En el mundo académico católico, no es raro encontrar críticas a autores posmodernos —incluyendo a algunas pensadoras feministas— por parte de quienes, en realidad, nunca los han leído en serio. Observo que se repiten las mismas, por ejemplo, sobre algunas citas de Simone de Beauvoir o Judith Butler, acompañadas de objeciones bastante banales, hasta el punto de atribuirles afirmaciones que nunca pronunciaron. No solo considero todo esto incorrecto, sino también peligroso.
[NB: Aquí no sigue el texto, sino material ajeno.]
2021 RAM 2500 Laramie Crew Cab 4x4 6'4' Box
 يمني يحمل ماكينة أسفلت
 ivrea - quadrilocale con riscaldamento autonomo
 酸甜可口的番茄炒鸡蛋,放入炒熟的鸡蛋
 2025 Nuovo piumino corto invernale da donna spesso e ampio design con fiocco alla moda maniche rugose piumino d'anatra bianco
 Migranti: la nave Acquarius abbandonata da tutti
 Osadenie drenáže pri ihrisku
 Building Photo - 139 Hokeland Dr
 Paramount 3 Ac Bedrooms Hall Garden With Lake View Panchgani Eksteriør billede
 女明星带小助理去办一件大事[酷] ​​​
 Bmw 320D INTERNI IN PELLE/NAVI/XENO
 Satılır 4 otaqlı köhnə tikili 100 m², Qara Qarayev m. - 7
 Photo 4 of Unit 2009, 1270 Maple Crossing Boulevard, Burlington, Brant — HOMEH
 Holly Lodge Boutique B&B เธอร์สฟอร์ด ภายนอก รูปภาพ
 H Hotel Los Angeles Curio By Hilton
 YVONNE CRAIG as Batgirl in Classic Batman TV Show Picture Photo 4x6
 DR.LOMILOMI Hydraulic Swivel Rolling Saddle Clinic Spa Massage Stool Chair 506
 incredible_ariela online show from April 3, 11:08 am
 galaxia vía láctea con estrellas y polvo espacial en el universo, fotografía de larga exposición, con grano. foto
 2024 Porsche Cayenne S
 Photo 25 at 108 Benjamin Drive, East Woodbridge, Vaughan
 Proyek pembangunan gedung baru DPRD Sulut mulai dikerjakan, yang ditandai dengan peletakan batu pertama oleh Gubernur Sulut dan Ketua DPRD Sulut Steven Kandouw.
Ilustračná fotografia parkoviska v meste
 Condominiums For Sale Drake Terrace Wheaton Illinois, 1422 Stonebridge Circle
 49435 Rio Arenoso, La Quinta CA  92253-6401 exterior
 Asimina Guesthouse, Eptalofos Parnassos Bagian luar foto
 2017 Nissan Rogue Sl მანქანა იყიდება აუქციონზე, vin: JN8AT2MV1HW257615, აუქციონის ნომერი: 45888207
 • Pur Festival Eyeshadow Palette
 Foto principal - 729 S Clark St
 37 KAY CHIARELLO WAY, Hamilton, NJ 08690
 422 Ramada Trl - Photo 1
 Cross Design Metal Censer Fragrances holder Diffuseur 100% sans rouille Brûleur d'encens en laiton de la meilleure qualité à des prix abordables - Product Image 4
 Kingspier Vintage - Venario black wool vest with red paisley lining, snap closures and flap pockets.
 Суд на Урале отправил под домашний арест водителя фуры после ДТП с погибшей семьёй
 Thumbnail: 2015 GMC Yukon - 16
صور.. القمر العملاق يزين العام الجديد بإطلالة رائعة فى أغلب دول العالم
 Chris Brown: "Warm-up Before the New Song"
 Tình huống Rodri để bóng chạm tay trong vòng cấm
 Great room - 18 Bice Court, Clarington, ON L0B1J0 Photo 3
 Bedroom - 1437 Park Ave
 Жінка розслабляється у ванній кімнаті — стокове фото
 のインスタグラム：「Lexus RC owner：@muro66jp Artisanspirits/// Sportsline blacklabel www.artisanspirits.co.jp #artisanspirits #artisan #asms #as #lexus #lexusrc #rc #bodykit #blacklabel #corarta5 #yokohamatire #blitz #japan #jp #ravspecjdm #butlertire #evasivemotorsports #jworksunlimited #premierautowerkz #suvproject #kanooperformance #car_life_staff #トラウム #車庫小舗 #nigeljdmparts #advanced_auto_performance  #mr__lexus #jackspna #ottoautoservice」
Pensadores como Daniel Dennett o Paul Graham distinguen dos maneras de abordar el diálogo. La primera es la del “argumento del hombre de paja” (Straw man): se toma la versión más débil de la idea del otro para ridiculizarla y refutarla fácilmente. Esto es lo que, por desgracia, suele ocurrir cuando nos relacionamos con autores alejados del pensamiento cristiano. La segunda manera es la del “argumento del hombre de acero” (Steel man): consiste en reconstruir el argumento del otro en su forma más sólida y coherente, incluso mejorándolo, antes de señalar cualquier debilidad o contradicción.
El Papa Francisco ha afirmado repetidamente que no vivimos simplemente en una época de cambio, sino en un cambio de época. Este punto de inflexión histórico exige un nuevo paradigma y, por lo tanto, nuevas síntesis. Pero ¿cómo podemos lograrlas sin un auténtico ejercicio de razón abierta, como solía decir el Papa Benedicto XVI? ¿Y cómo podemos ser creíbles si no nos dejamos cuestionar seriamente incluso por pensadores cuyas ideas no compartimos?
En esta perspectiva también se inscribe el Papa León XIV, quien, en su encuentro con la Fundación Centesimus Annus, invitó a entender la Doctrina social de la Iglesia, no como un conjunto rígido de respuestas preestablecidas, sino como un conocimiento vivo, fruto de la escucha, las hipótesis, el diálogo y el encuentro. Solo así —dijo— la Doctrina puede apoyar el diálogo y contribuir a la construcción de una cultura del encuentro.
Hoy necesitamos la valentía que Pablo VI reconoció en Santo Tomás de Aquino: “la valentía de la verdad, la libertad de espíritu para afrontar nuevos problemas, la honestidad intelectual de quienes no admiten la contaminación del cristianismo con la filosofía profana, pero tampoco el rechazo apriorístico de esta última”. Me gustaría ver un poco más de esta valentía entre los pensadores católicos de hoy.